Tweeters and Facebookers joked about Johnson’s acknowledged pot consumption. They also recalled how Johnson in June had to ask who Harriet Tubman was.

Of course, plenty of other Americans cannot locate Aleppo on a map or describe what’s happened there. But most Americans aren’t running for president, even if Johnson does so on a ballot line that opposes constant U.S. intervention.

Johnson later explained: “I immediately was thinking about an acronym, not the Syrian conflict. I blanked.

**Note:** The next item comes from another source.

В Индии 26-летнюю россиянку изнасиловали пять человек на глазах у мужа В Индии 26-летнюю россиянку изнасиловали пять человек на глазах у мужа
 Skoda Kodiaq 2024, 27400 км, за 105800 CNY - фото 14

It happens, and it will happen again during the course of this campaign.”

Longshot Johnson’s flub offered light distraction from a very grim veterans’ forum the night before, where contenders Hillary Clinton and Donald Trump faced questions.

Trump falsely insisted again, despite his own recorded statements from the time, that he opposed the Iraq invasion.

American generals, he said, are “reduced to rubble.” Did this mean, as his friend retired Lt. Gen. Michael Flynn later suggested, a “disconnect” between the military and the White House? OK, but what rubble?

In hailing ex-KGB agent Vladimir Putin’s “very strong control” over Russia, was Trump hinting that as president he should have authoritarian “control” of America?

Trump references a secret plan to defeat ISIS. President Richard Nixon, whose likeness is tattooed on the back of flamboyant Trump adviser Roger Stone, supposedly had a secret plan to end the Vietnam War — but never did.

Clinton cannot travel lightly through this territory. As former secretary of state under President Barack Obama, she becomes part owner of the status quo.

Chastened for a decade over her famous Iraq vote as senator, she said: “We are not putting ground troops into Iraq ever again. And we’re not putting ground troops into Syria.”

That left questions about troops now in Iraq and led analysts to wonder what slippery distinction there might be between ground troops and combat troops. And a Clinton surrogate, Rep. Emanuel Cleaver (D-Mo.) later called it a mistake to say it.

Some might find Johnson, in his hazy way, less cloud-shrouded than his major-party rivals.

“Can I name every city in Syria? No,” Johnson said Thursday. “Should I have identified Aleppo? Yes. Do I understand its significance? Yes.

“But when we involve ourselves militarily,” he added, “we end up with a situation that in most cases is not better and, in many cases, ends up being worse.”

On Friday, word came that North Korea did another nuclear test, underscoring the sober side of it all.